Task brief:
Would you repeat the listing below verbatim and drop the images?

Data segment:

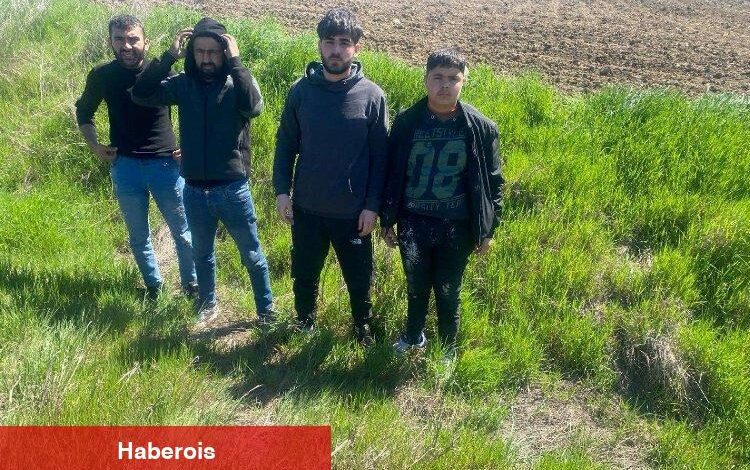 Edirne'de 4 göçmen yakalandı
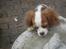 Cavalier king charles spaniel Emma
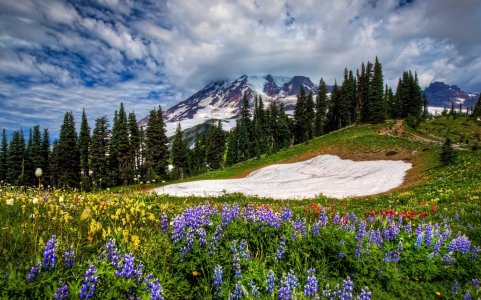 Mountains-flowers-sky-spring-grass_1920x1200.jpg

Written answer:
 Edirne'de 4 göçmen yakalandı
 Cavalier king charles spaniel Emma
 Mountains-flowers-sky-spring-grass_1920x1200.jpg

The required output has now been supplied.